When should Win32/WinAPI types be used vs. Standard C types?

I'm late to the Win32 party and there's a sea of functions such as _tprintf, TEXT(), there are also libraries like strsafe.h which have such functions like StringCchCopy(), StringCchLength(), etc.. Basically, Win32 API introduces a bunch of extra functions and types on top of C which can be confusing to a C programmer who hasn't worked with Win32 much. I do not have a problem finding the definitions of these types and functions on MSDN. However, I do have a problem finding guidelines on when and why they should be used.
I have 2 questions:
How important is it to use all of these types and special functions which Microsoft has provided on top of standard C when programming with Win32? Is it considered good practice to do away with all standard C functions and types and use entirely Microsoft wrappers?

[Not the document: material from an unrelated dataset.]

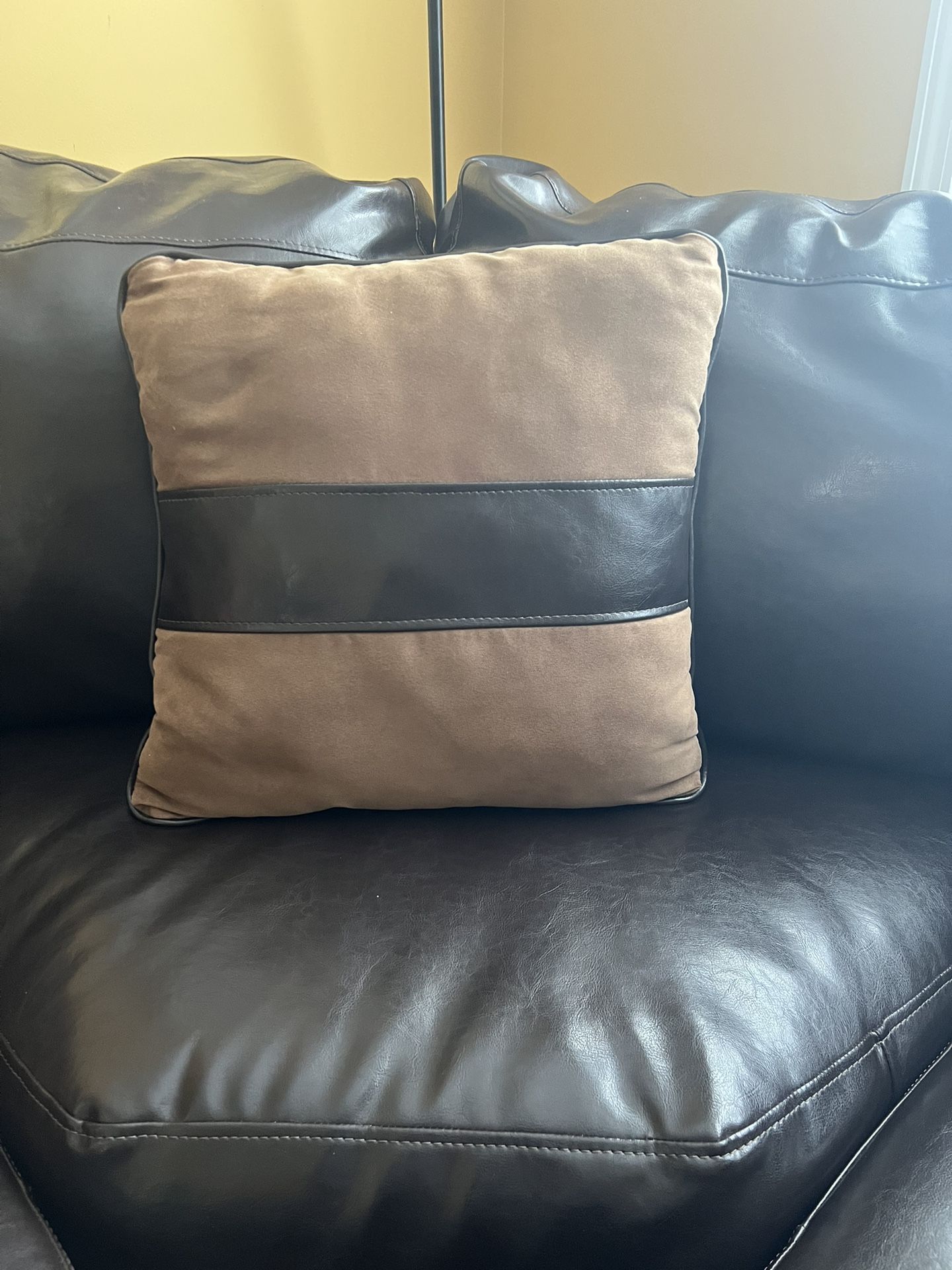 Brown Throw Pillows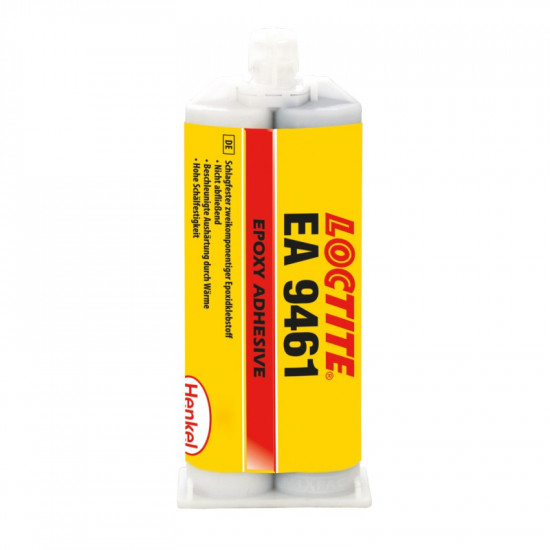 Loctite EA 9461 - 50 ml dvousložkový epoxid vyplňování spár - N2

Is it okay to mix standard C functions in with these Microsoft types and functions? For example, to use malloc() instead of HeapAlloc(), or to use printf() instead of _tprintf() and etc...?
I have a copy of Charles Petzold's Programming Windows Fifth Edition book but it mostly covers GUI stuff and not a lot of the remainder of the API.

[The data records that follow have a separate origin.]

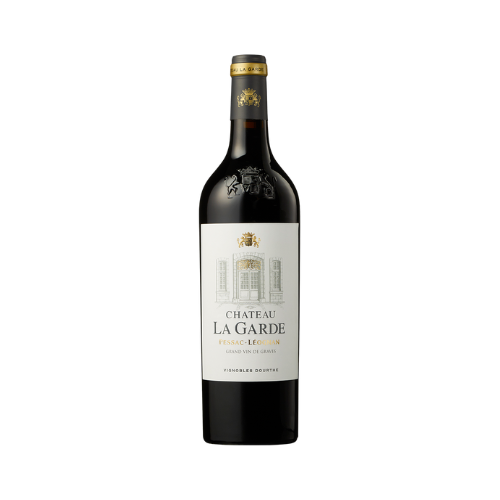 Dourthe Estates Château La Garde Rouge Péssac-Leognan 750ml - Bot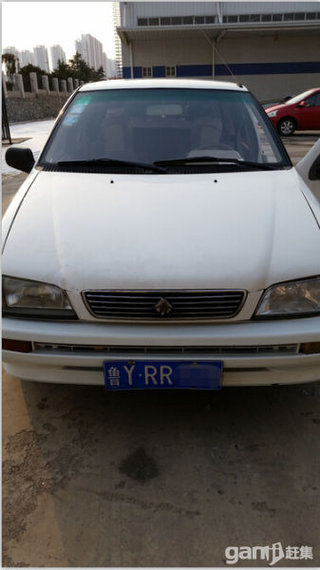 2004款 N3 7101B 1.0 MT 三缸两厢 2004款 N3 7101B 1.0 MT 三缸两厢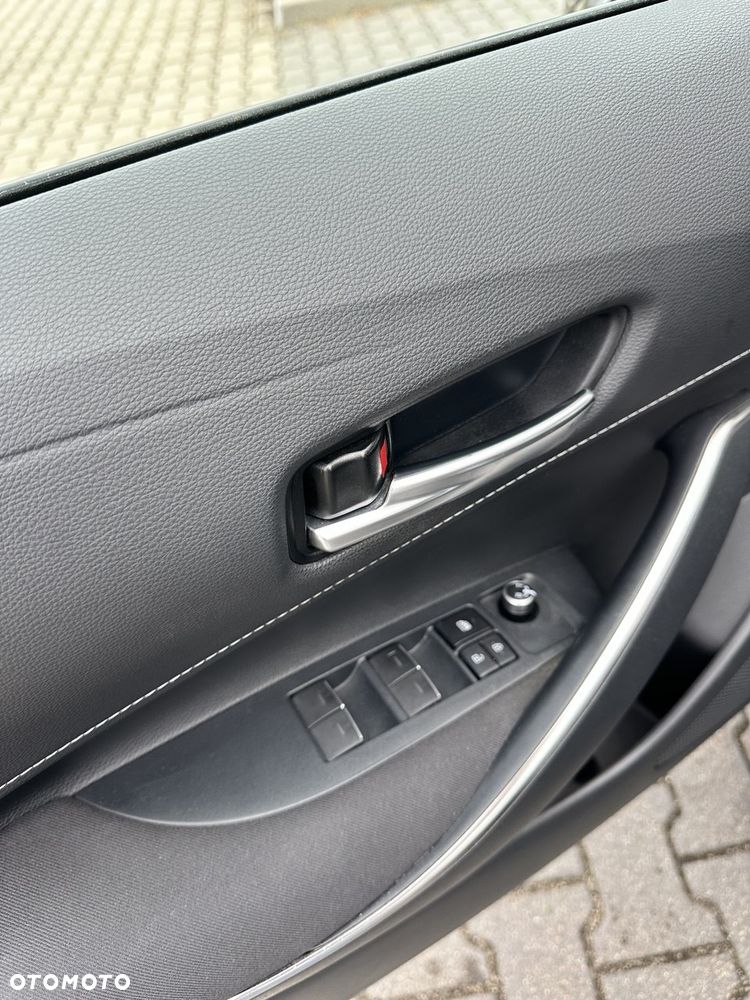 Toyota Corolla 1.8 Hybrid GPF Comfort - 14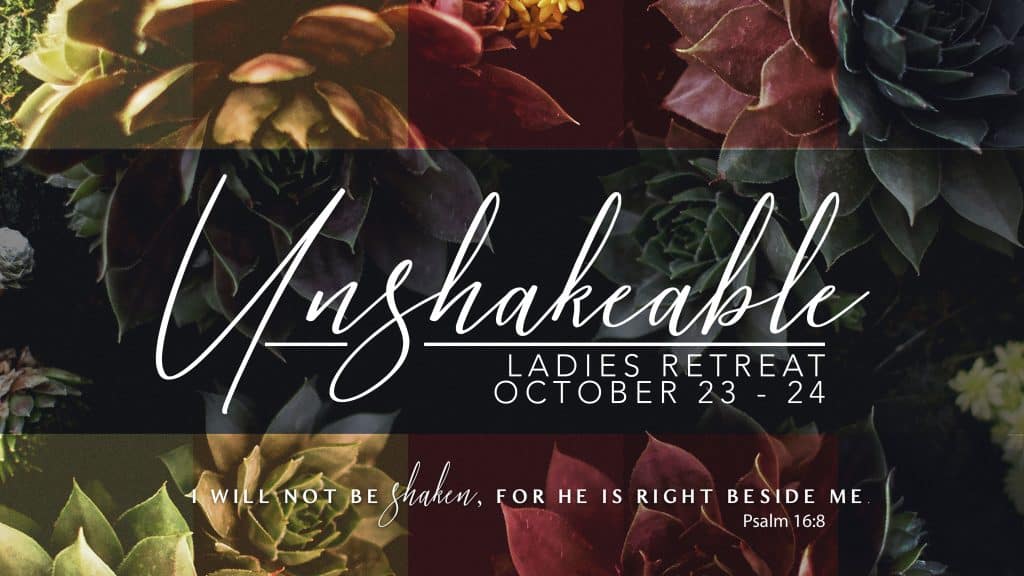 ladies conference - updated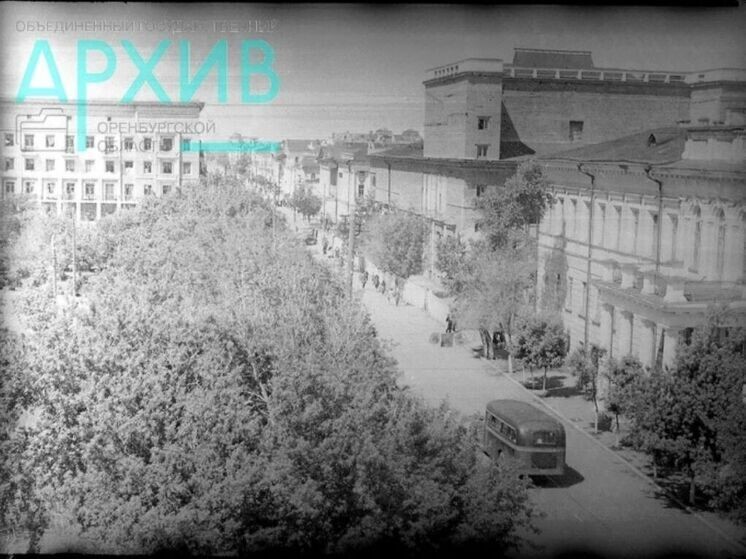     Фото/Видео: госархив Оренбургской области, Бёрдская слобода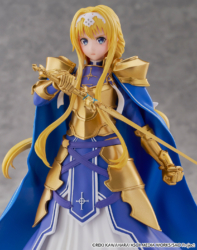 Descubre el apasionante mundo de Figura Sword Art Online Cantabile Alice.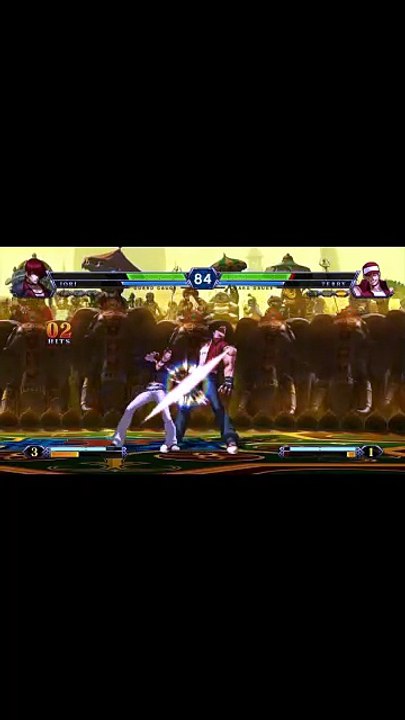 The King of Fighters  - Gaming  Series: King of Fighters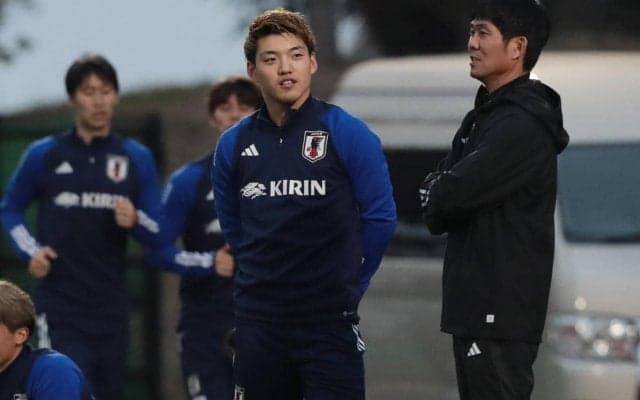 「やっぱりリーダー」堂安律はWBCの大谷翔平に刺激、「初心に戻ろう」と新生・日本代表に合流した理由は？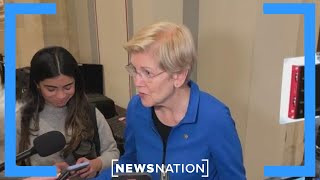 Famous Trump calls Warren about credit card rates | Elizabeth Vargas Reports Profile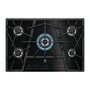 Варочная поверхность Electrolux KGV7539IK черная 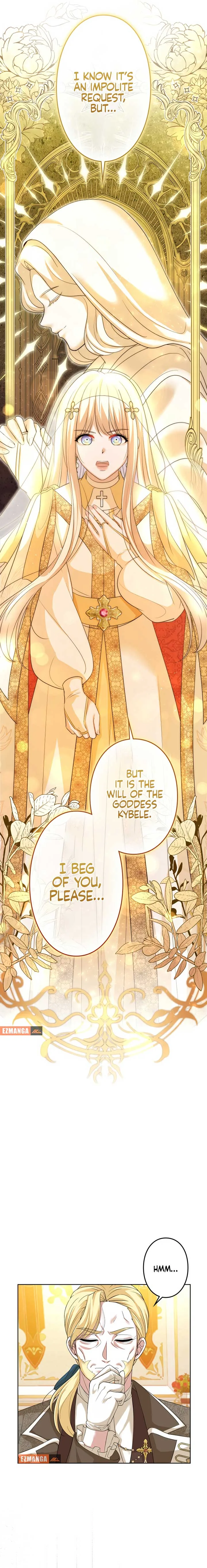 Don’t Be Fooled By The Saintess Chapter 7 page 5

There are actually 3 questions here, the ones you explicitly asked, and the one you didn't. Let's get that last one out of the way first, as it tends to cause the most confusion:
What are those _t-extensions offered by the Microsoft-provided CRT?

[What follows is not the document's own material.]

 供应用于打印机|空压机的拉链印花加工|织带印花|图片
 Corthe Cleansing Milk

They are generic-text mappings, introduced to make it possible to write code that targets both ANSI-based systems (Win9x) as well as Unicode-based systems (Windows NT). They are macros that expand to the actual function calls, based on the _UNICODE and _MBCS preprocessor symbols. For example, the symbol _tprintf expands to either printf or wprintf.
Likewise, the Windows API provides both ANSI and Unicode versions of the API calls. They, too, are preprocessor macros that expand to the actual API call, depending on the preprocessor symbol UNICODE. For example, the CreateFile symbol expands to CreateFileA or CreateFileW.
Generic-text mappings haven't been useful in the past two decades. Today, simply use the Unicode versions of the CRT and API calls (e.g. wprintf and CreateFileW). You can define _UNICODE and UNICODE for good measure, too, so that you don't accidentally call an ANSI version.
there are also libraries like strsafe.h which have such functions like StringCchCopy(), StringCchLength()
Those are safe variants of the CRT string manipulation calls. They are safer than e.g. strcpy by providing the buffer size of the destination, similar to strncpy. The latter, however, suffers from an awkward design decision, that causes the destination buffer to not get zero-terminated, in case the source won't fit. StringCchCopy will always zero-terminate the destination buffer, and thus provides additional safety over the CRT implementations. (Note: C11 introduces safe variants, e.g. strncpy_s, that will always zero-terminate the destination array, in case the input is valid. They also validate the input, calling the currently installed constraint handler when validation fails, thus providing even stronger safety than the strsafe.h implementations. The bounds-checked implementations are a conditional feature of C11.)
How important is it to use all of these types and special functions which Microsoft has provided on top of standard C when programming with Win32? Is it considered good practice to do away with all standard C functions and types and use entirely Microsoft wrappers?
It is not important at all. You can use whichever is more suitable in your scenario. If in doubt, writing portable (i.e. Standard C) code is generally preferable. You only ever want to call the Windows API calls, if you need the additional control they offer (e.g. HeapAlloc allows more control over the allocation than malloc does; likewise CreateFile provides more options than fopen).
Is it okay to mix standard C functions in with these Microsoft types and functions? For example, to use malloc() instead of HeapAlloc(), or to use printf() instead of _tprintf() and etc...?
In general, yes, as long as you match those calls: HeapFree what you HeapAlloc, free what you malloc. You must not mix HeapAlloc and free, for example. In case a Windows API call requires special memory management functions to be used, it is explicitly pointed out in the documentation. For example, if FormatMessage is requested to allocate the buffer to return data, it must be freed using LocalFree. If you do not request the API to allocate a buffer, you can pass in a buffer allocated any way you like (malloc, HeapAlloc, IMalloc::Alloc, etc.).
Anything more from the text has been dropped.